Pazarlama Reklam

Duyuları Pazarlama Sanatı

Pazarlama uzmanları tüketiciyi markaya bağlayacak, farklı bir ifadeyle hedef kitlenin markaya yönelik sadakatini artıracak yepyeni stratejilerin peşinden koşuyor. Tüm bu atılımların ortak noktası ise farkmdalık yaratmak üzerine kurulu. Tam da bu noktada karşımıza zihinsel pazarlama kavramı çıkıyor. Zihinsel pazarlama yeni bir süreç mi? Hayır, değil… Görme, koklama, tatma, dokunma ve işitmeye yönelik yani duygu pazarlamasına yönelik projelere son 10 yıldır zaten sıklıkla rastlıyorduk.

Zihinsel-Pazarlama

Peki ne değişti? Bu konu aslında son derece net. Tüketimin kendisi değişti. Markaların tüketici odaklı olması, pazarlama iletişimlerinin temeline hedef kitlelerini oturtarak ilerleme çabaları da bir yerden sonra tıkanıyor. Bunca çeşitlilik, bunca fiyat farklılığı ve bunca ilgi çekici konsept varken, tüketici neden tek bir markaya sadık kalsın ki? Tüketici, sizin markanızı neden tercih edecek? Hedef kitle markanızla nasıl bir gönül bağı kurarsa, marka iletişiminiz daha sağlam temellere oturur? Bu sorular, pazarlama uzmanlarını yeniden zihinsel pazarlamanın eşiğine çekti.

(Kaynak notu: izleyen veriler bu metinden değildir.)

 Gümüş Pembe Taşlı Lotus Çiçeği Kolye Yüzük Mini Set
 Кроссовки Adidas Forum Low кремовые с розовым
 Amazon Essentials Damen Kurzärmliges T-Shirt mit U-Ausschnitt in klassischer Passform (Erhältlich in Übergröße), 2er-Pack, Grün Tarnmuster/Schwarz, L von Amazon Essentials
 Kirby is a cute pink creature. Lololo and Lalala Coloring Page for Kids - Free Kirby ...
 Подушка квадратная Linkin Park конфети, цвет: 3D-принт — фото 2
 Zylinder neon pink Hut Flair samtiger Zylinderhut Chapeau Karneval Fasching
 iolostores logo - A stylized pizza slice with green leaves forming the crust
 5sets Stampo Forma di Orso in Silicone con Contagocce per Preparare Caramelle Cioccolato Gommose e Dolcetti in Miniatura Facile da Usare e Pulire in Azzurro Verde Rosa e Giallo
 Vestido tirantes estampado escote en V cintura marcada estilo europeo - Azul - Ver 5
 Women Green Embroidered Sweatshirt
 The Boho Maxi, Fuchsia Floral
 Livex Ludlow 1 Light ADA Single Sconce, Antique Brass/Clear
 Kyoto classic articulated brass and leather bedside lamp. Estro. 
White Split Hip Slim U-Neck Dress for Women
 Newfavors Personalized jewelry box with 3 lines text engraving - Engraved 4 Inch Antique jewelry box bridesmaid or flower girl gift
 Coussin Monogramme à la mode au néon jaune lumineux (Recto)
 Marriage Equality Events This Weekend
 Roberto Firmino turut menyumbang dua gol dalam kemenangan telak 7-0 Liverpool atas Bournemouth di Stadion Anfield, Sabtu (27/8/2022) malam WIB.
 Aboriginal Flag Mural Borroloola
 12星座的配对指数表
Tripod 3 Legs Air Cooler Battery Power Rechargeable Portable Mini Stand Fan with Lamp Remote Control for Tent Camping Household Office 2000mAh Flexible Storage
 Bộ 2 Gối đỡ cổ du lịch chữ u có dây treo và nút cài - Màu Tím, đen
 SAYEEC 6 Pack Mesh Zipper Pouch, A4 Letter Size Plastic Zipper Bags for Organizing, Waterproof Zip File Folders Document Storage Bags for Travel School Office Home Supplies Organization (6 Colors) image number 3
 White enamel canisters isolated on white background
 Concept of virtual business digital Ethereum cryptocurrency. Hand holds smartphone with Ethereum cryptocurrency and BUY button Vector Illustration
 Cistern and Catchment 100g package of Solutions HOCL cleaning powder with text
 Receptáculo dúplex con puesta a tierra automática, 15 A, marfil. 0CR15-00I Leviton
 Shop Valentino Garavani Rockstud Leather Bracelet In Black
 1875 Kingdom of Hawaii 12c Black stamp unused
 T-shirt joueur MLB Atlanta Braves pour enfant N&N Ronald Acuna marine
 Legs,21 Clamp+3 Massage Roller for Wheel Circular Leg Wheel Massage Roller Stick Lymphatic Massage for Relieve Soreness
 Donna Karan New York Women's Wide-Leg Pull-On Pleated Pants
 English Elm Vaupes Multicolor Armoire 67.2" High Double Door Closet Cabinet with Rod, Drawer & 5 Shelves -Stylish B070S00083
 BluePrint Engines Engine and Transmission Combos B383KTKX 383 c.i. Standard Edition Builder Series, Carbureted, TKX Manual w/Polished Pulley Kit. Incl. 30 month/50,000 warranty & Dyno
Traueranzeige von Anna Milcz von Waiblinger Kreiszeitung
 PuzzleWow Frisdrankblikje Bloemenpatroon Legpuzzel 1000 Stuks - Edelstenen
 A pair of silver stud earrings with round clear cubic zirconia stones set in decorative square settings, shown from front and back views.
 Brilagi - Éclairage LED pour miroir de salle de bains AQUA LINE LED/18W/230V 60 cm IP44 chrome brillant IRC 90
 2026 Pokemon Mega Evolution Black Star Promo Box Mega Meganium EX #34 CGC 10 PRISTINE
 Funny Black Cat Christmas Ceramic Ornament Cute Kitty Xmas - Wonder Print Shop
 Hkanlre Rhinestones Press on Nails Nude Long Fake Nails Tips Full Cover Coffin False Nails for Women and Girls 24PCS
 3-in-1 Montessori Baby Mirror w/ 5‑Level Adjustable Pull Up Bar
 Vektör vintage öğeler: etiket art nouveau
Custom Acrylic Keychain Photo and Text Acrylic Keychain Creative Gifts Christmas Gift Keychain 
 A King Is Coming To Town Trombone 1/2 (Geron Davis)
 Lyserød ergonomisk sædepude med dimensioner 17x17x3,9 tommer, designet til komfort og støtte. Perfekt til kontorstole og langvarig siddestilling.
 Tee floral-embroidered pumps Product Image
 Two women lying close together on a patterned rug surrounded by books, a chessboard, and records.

Evet, zihinsel pazarlama artık eskisinden çok daha popüler. Bu konuya verilebilecek en başarılı global örneklerden biri de Singapur Airlines… Singapur Airlines ’ın kendine ait özel bir kokusu var. Uçak görevlilerinin kullandığı parfüm, aynı zamanda uçakta dağıtılan buhar havlularında da kullanılıyor. Doğrudan duygulara hitap eden bu uygulamalar, insanların algılarını da direkt harekete geçiriyor. Aynı şekilde Unilever de bu alanda inovatif projelere imza atıyor.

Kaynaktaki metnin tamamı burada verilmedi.